Extracted data entries
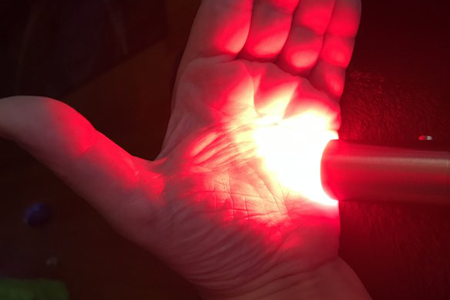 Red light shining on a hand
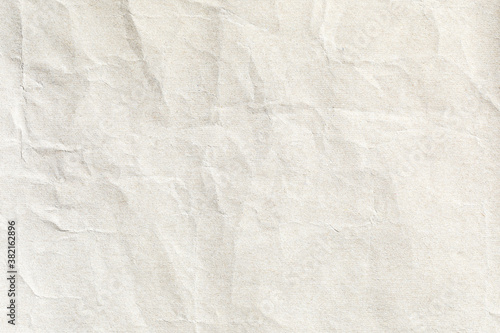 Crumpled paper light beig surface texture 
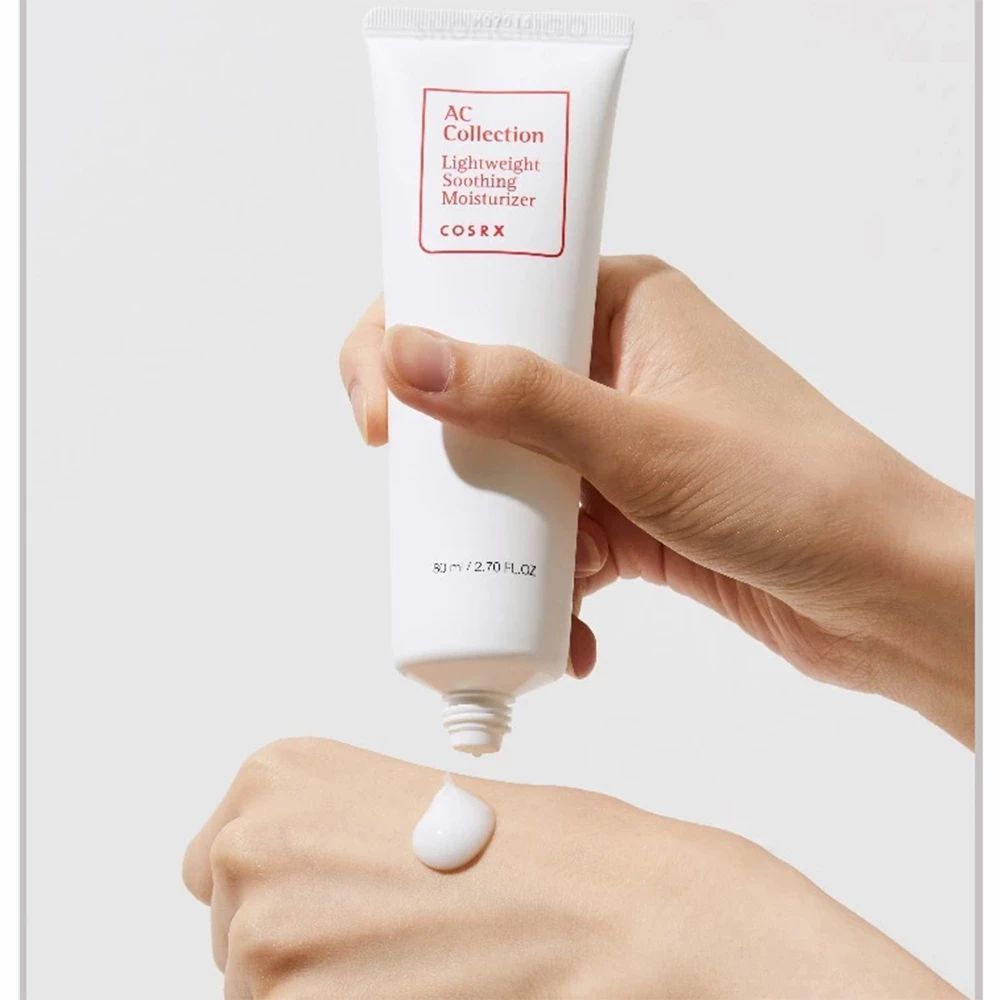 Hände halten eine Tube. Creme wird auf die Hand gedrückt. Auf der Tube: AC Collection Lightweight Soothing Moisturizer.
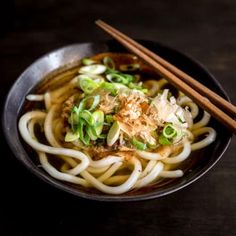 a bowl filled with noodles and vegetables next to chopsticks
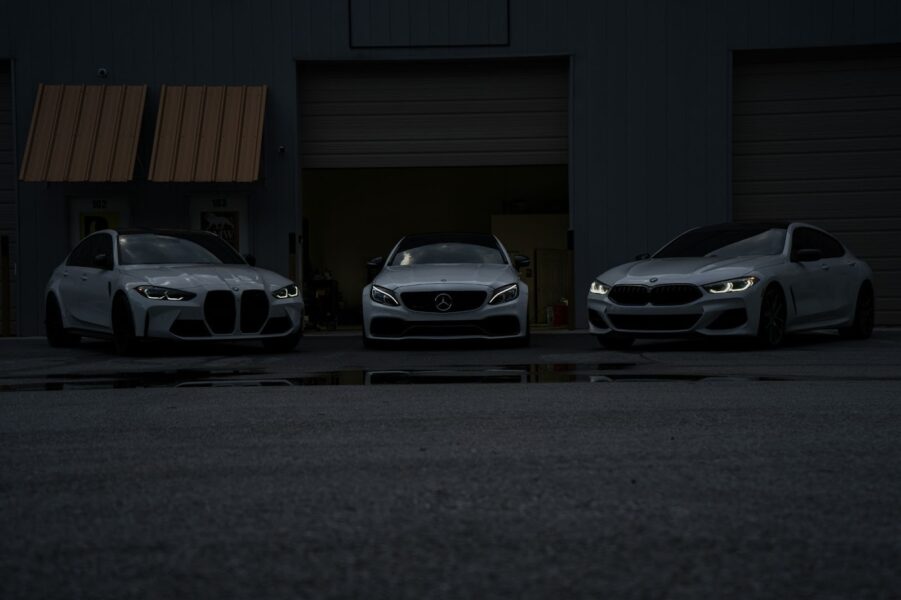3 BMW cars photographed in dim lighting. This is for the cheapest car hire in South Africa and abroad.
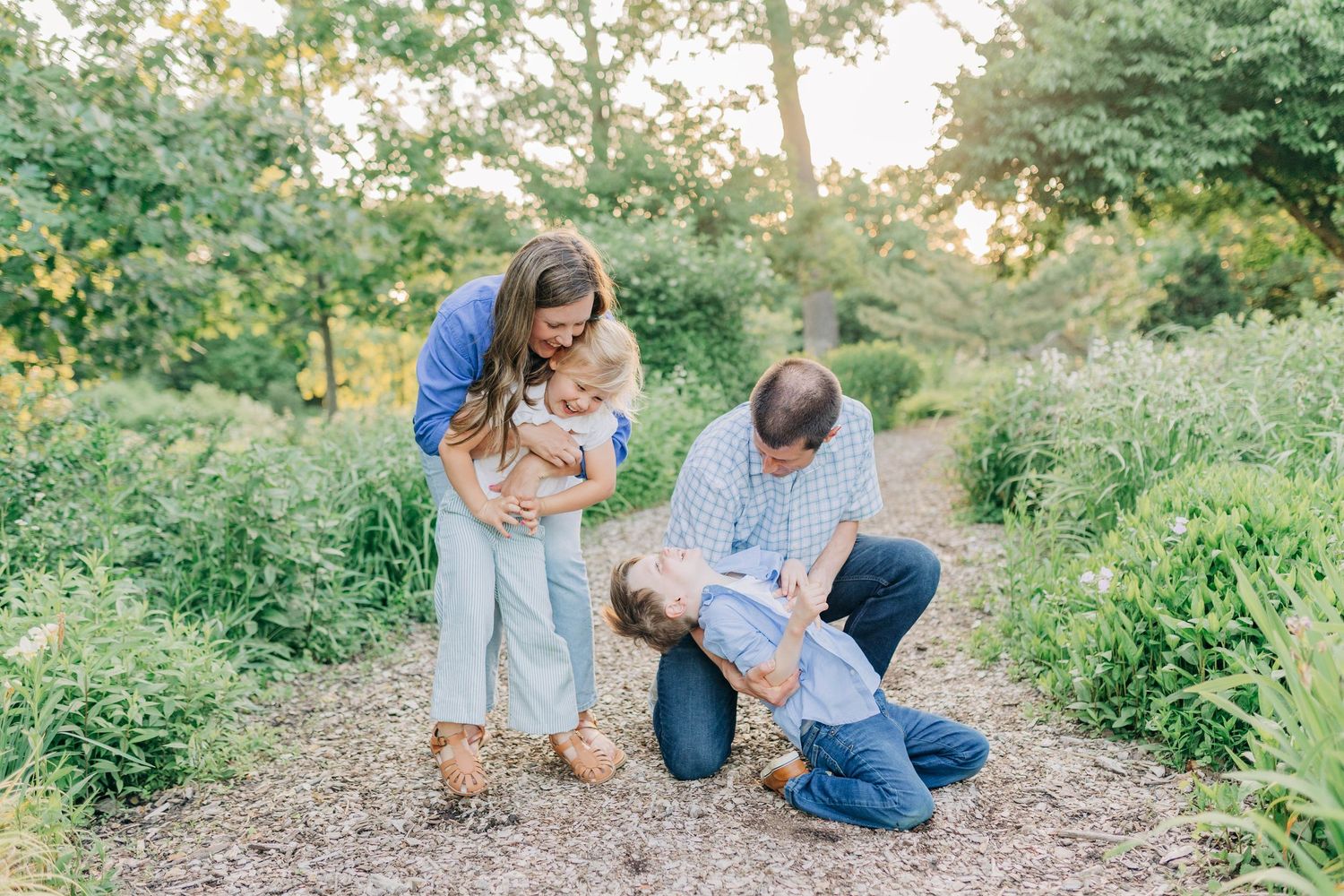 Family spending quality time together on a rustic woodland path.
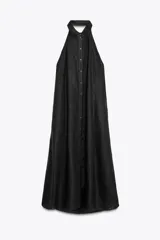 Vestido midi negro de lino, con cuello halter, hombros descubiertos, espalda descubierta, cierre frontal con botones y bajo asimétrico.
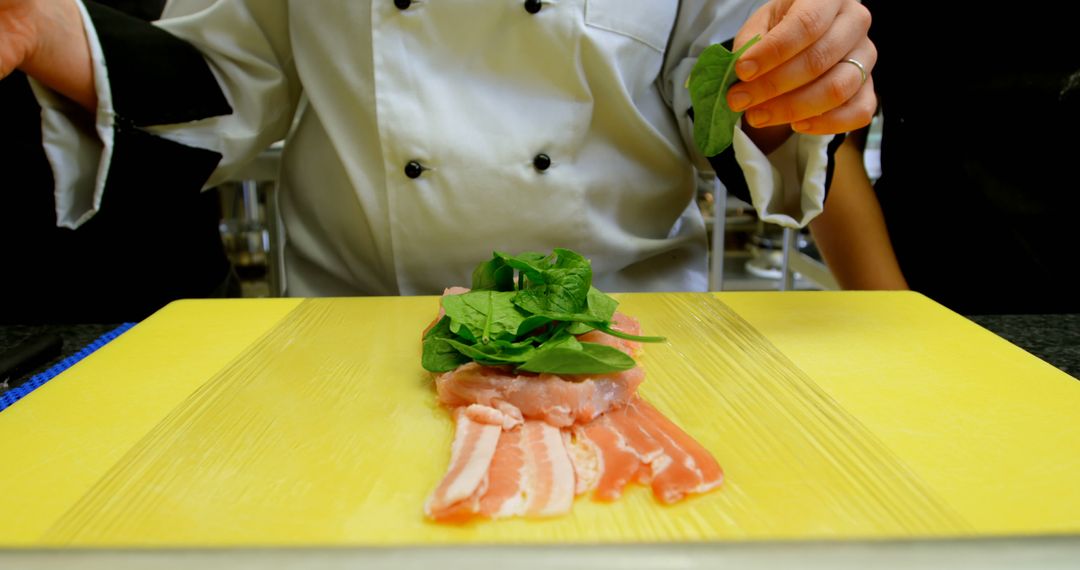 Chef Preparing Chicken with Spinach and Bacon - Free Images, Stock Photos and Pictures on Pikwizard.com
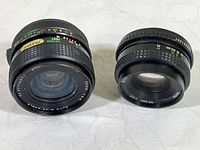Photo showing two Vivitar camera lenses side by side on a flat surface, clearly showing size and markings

* [What needs to be done] An exact copy of the lines from the one with "Crumpled paper light beig surface texture" through the end of the entries above, both included, is the whole answer. It contains no pictures.

* [Output below]
 Crumpled paper light beig surface texture 
 Hände halten eine Tube. Creme wird auf die Hand gedrückt. Auf der Tube: AC Collection Lightweight Soothing Moisturizer.
 a bowl filled with noodles and vegetables next to chopsticks
3 BMW cars photographed in dim lighting. This is for the cheapest car hire in South Africa and abroad.
 Family spending quality time together on a rustic woodland path.
 Vestido midi negro de lino, con cuello halter, hombros descubiertos, espalda descubierta, cierre frontal con botones y bajo asimétrico.
 Chef Preparing Chicken with Spinach and Bacon - Free Images, Stock Photos and Pictures on Pikwizard.com
Photo showing two Vivitar camera lenses side by side on a flat surface, clearly showing size and markings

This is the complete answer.